======== RECORDS SUPPLIED ========

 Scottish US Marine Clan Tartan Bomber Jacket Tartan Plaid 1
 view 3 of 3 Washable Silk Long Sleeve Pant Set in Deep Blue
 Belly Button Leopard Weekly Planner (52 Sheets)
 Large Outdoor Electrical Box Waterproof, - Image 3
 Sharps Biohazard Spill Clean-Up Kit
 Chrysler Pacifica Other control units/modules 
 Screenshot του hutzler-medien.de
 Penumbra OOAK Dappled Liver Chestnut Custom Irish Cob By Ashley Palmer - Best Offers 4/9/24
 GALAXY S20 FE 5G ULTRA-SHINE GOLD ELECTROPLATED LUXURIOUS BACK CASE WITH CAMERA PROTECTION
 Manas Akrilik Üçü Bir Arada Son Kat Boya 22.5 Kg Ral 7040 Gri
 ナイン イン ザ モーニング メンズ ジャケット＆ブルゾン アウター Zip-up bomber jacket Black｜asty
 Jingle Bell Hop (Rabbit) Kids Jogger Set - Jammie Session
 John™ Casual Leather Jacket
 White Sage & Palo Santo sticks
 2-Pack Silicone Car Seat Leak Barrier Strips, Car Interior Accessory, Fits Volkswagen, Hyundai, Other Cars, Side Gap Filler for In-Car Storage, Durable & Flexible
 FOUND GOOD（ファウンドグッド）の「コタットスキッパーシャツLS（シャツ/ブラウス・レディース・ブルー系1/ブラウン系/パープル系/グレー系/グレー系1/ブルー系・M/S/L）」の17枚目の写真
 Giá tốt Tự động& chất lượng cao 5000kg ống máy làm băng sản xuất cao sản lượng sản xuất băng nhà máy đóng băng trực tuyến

========

*AIM OF THE TASK*:
Your answer must be the full set of entries, copied exactly.

*COMPLETED TASK*:
 Scottish US Marine Clan Tartan Bomber Jacket Tartan Plaid 1
 view 3 of 3 Washable Silk Long Sleeve Pant Set in Deep Blue
 Belly Button Leopard Weekly Planner (52 Sheets)
 Large Outdoor Electrical Box Waterproof, - Image 3
 Sharps Biohazard Spill Clean-Up Kit
 Chrysler Pacifica Other control units/modules 
 Screenshot του hutzler-medien.de
 Penumbra OOAK Dappled Liver Chestnut Custom Irish Cob By Ashley Palmer - Best Offers 4/9/24
 GALAXY S20 FE 5G ULTRA-SHINE GOLD ELECTROPLATED LUXURIOUS BACK CASE WITH CAMERA PROTECTION
 Manas Akrilik Üçü Bir Arada Son Kat Boya 22.5 Kg Ral 7040 Gri
 ナイン イン ザ モーニング メンズ ジャケット＆ブルゾン アウター Zip-up bomber jacket Black｜asty
 Jingle Bell Hop (Rabbit) Kids Jogger Set - Jammie Session
 John™ Casual Leather Jacket
 White Sage & Palo Santo sticks
 2-Pack Silicone Car Seat Leak Barrier Strips, Car Interior Accessory, Fits Volkswagen, Hyundai, Other Cars, Side Gap Filler for In-Car Storage, Durable & Flexible
 FOUND GOOD（ファウンドグッド）の「コタットスキッパーシャツLS（シャツ/ブラウス・レディース・ブルー系1/ブラウン系/パープル系/グレー系/グレー系1/ブルー系・M/S/L）」の17枚目の写真
 Giá tốt Tự động& chất lượng cao 5000kg ống máy làm băng sản xuất cao sản lượng sản xuất băng nhà máy đóng băng trực tuyến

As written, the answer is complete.